It's this wonderful time of the year when I and probably a lot of other researchers are swamped with paperwork, preparing yearly reports, grant applications etc. And it's ridiculous. 

Pretty much every friggin institution, whether you're submitting a report to the faculty, explaining what you've been doing to a grant agency, applying for a new research grant, trying to get money for a conference or whatnot requires you to include your CV in a format/online form of their choice. 

Now, I've counted how many times I had to do something like that over the last calendar year, and as far as I remember, it's 26. Each time it took me around 90 minutes to copy and format the data according to some bureaucrat's wishes, so together the procedure stole around  2340 minutes, that is, 39 hours of my time. This is pretty much a whole working week a year spent on re-formatting my CV!! To give you a bigger picture, consider the following examples:
  • The British Academy in year 2006/2007 received  578 applications.  Even if you think I'm slow and that everyone fills the CV-related fields in a form in, say, 60 minutes, this gives you 34680 minutes, that is 578 hours, that is more than full 24 days (24/7) or almost 15 working weeks of researchers' time, who instead of doing actual research stare at the screen and play around with font size, margin size and copy-pasting some boring stuff into online forms (and that's CVs only!).
  • Ghent University (this is just an example, I'm not picking on it) has around 5000 researchers/faculty. Let's say each of them spends just 30 minutes a year re-formatting or entering their data in some unusual format (and it's a pretty low estimate). This gives you 150 000 minutes, or 2500 hours, or more than 62 researchers' working weeks! (Also, if you're externally funded, you kinda have to do this twice).
The solution, I think, is to accept people's CVs instead, however they shaped them. Normally, researchers are not idiots and are sane enough to prepare their CVs in a fairly legible and transparent manner. Perhaps, reading CVs of different format will make the referee's job just a bit more challenging, but it also will make it less boring. And a referee who cannot easily read and understand a CV shouldn't be trusted anyway. 

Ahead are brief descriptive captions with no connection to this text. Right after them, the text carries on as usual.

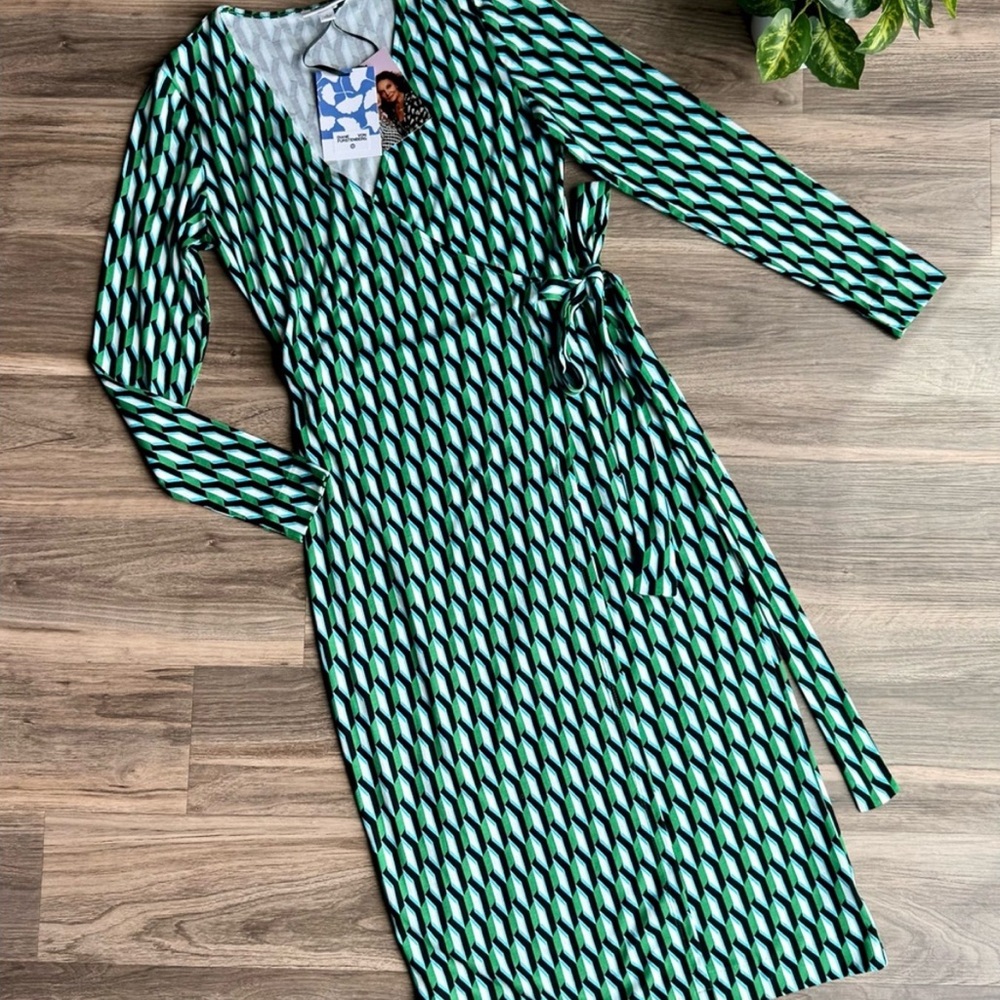 Diane Von Furstenberg Green Black White Long Sleeve Wrap Dress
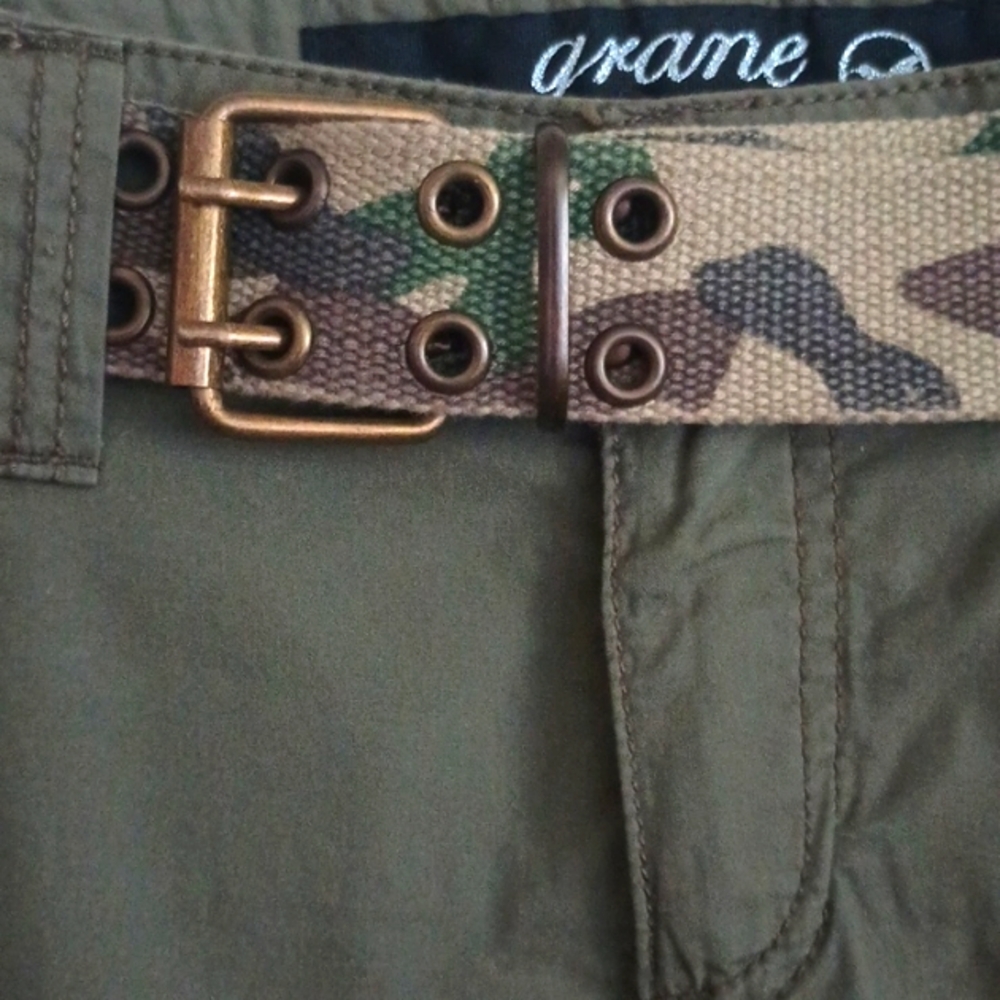 Pants - Picture 4 of 5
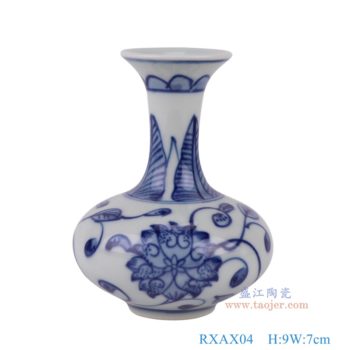 RXAX04   青花缠枝莲小扁肚瓶，    高9直径7口径底径2.4重量0.1KG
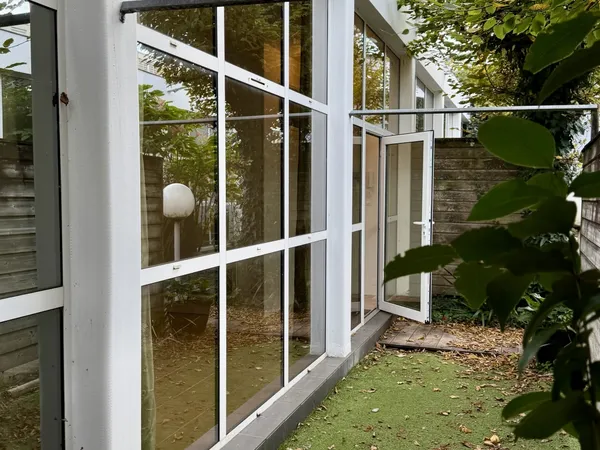 Appartement T3, jardin et stationnement privatifs, hyper centre de Bordeaux-Caudéran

And if you're running a university and need the researchers' publication data in some particular format, it's cheaper to hire someone to do things like that than to waste qualified researchers' time! (Even if it was 52 and not 62 weeks, it would still be cheaper, because the administrative staff salary is lower.)

So, dear bureaucrat! (Although, the chance you're reading this instead of coming up with new ways of making people's lifes worse, is rather low.) Please be aware that each decision regarding the use of non-standard formats instead of accepting CVs will have more serious results than you might initially think.